## WHAT THE EXERCISE ASKS
Every record below is to be retyped exactly.

## TASK INPUT

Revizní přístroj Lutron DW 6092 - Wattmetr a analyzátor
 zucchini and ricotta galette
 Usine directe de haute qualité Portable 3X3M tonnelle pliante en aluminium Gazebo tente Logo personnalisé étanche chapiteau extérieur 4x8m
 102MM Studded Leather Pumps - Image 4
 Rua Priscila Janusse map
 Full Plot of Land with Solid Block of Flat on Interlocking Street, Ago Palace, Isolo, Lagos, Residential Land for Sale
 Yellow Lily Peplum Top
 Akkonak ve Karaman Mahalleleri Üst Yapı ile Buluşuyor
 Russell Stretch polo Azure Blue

## EXERCISE RESPONSE
Revizní přístroj Lutron DW 6092 - Wattmetr a analyzátor
 zucchini and ricotta galette
 Usine directe de haute qualité Portable 3X3M tonnelle pliante en aluminium Gazebo tente Logo personnalisé étanche chapiteau extérieur 4x8m
 102MM Studded Leather Pumps - Image 4
 Rua Priscila Janusse map
 Full Plot of Land with Solid Block of Flat on Interlocking Street, Ago Palace, Isolo, Lagos, Residential Land for Sale
 Yellow Lily Peplum Top
 Akkonak ve Karaman Mahalleleri Üst Yapı ile Buluşuyor
 Russell Stretch polo Azure Blue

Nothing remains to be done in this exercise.